Thoughts about allowing polygon ENS (pos ENS) to vote on snapshot?

Ever since uniswap V3 deployed on polygon, many users bridged various tokens to take advantage of the new market and low fees.

This includes pos ENS, a wrapped version of ENS to use on the polygon sidechain.

Users of the polygon network are able to obtain ENS tokens from polygon uniswap. However, in order to actually use them, users would have to bridge them back to the ethereum network, which would incur high gas costs.

Allowing pos ENS to vote on snapshot would be very nice. Other DAOs like AAVE, MANA, and BAL already allow the polygon variant of their token to vote.

The lower barrier to entry would encourage more people to participate in governance, as not everyone is willing to sacrifice a moderate amount of ethereum for gas.

3 Likes

I receive support requests from people who are impacted by high gas costs in a very real way every day, so I’m very much in favour of this unless there are any particular hurdles in implementing it.

Lowering the cost barrier of entry to governance and voting is a great idea :+1:

5 Likes

This is the exact purpose Polygon is aiming to accomplish, so I’m all for it. Layer 2s are how Ethereum will scale this year.

2 Likes

My worry with any proposal like this is that it creates a divergence between those eligible to vote in Snapshot and those eligible to vote onchain - meaning that Snapshot may no longer be an accurate representation of peoples’ onchain voting intentions.

Interesting point. I wonder how difficult it would be for Snapshot to incorporate L2s?

I think we would want as many token holders as possible to participate in voting and I do think gas fees are limiting participation. I don’t have a solution but I do hope this gets solved eventually. As a side note, I wonder if the DAO will want some tokens in the treasury to be on an L2 so that we can send small dollar compensation to contributors without it being eaten up by gas fees.

I don’t support this for fear of another possible divergence similar to what nick.eth mentioned. Those who have kept their ENS on ethereum have forgone the benefits of having it on cheaper polygon in your own words. I bet those people wouldn’t like it that polygon users now have equal voting rights on Snapshot (unless you find a way to compensate them for their lost opportunity costs), while you still have that one pretty much unsolvable fundamental issue of on-chain/Tally votes diverging from Snapshot votes as nick said. If someone bridges over to polygon to exploit the markets there, they have to live with the fact that they are now effectively using ENS as a currency and not as a DAO token. You cannot have the best of both worlds. I am in for lowering the entry cost block-wide (new term!) and including as many legitimate token holders ideologically but this is not the right way forward.
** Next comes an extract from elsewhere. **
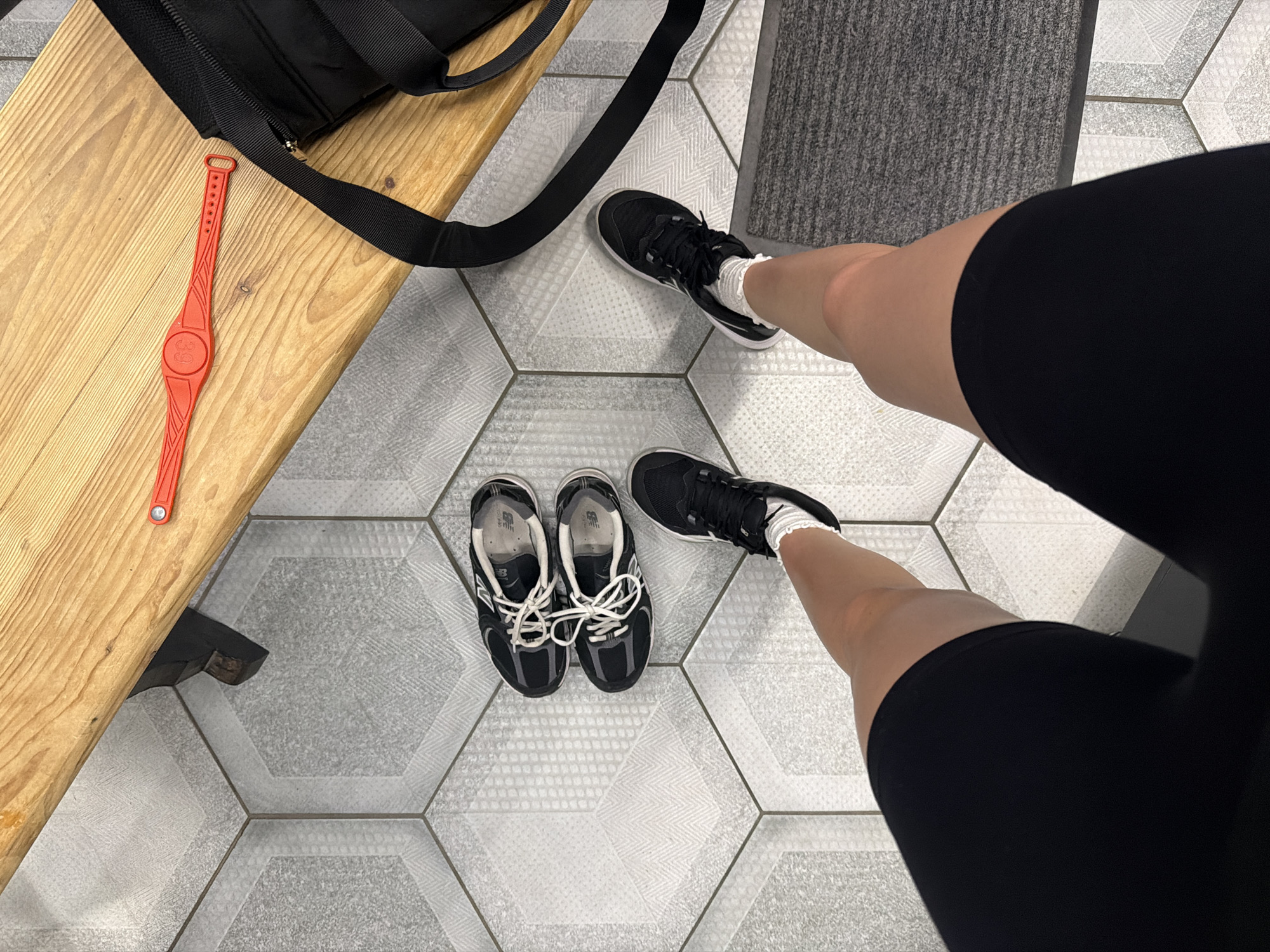 The image shows a pair of black athletic shoes and a person's legs and feet. The shoes are on a floor with hexagonal tiles. One shoe is in the process of being put on, with a white sock visible above the shoe. The other shoe is lying next to it. A black bag is on a wooden bench in the background. A red wristband is also on the bench. The scene appears to be a locker room or a gym. The lighting is neutral, suggesting it could be any time of day. There is no visible text in the image. The overall mood is functional and perhaps preparatory for an athletic activity.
Plus, I do believe that moderately high fees are a reasonable entry barrier.

1 Like

Since there is a concern over eligibility in off- vs on-chain votes, how have those DAO’s solved this?

1 Like

I see the general consensus around pos ENS is that it would create a divergence between snapshot votes and actual on-chain votes

This is the case with other DAOs that chose to do this, but as decisions on their proposals directly affect the other networks, it makes sense to take in their opinion for an accurate consensus across all chains.

ENS and its domains (for now) are only on ethereum, and as all of it’s users use ethereum, it does make more sense for voting to be restricted to mainnet.

(pings)
@nick.eth @cthulu.eth @inplco @natebeck @daylon.eth

It’s not about snapshot’s capability. It’s more about pEOS unable to vote on chain on L1.

1 Like

Yea I agree with @nick.eth, would be weird to have proposals potentially diverge in execution. It might make more sense down the line if something like Snapshot X allows for cross-chain storage proofs for voting on L1 on-chain proposals.

Also, I know it’s pedantic, but I think in a context like this, we should be more specific and not call Polygon PoS an L2 (since it’s not, it’s a side-chain). Reason being that in the context of voting, the security differences potentially do matter and should be taken into account.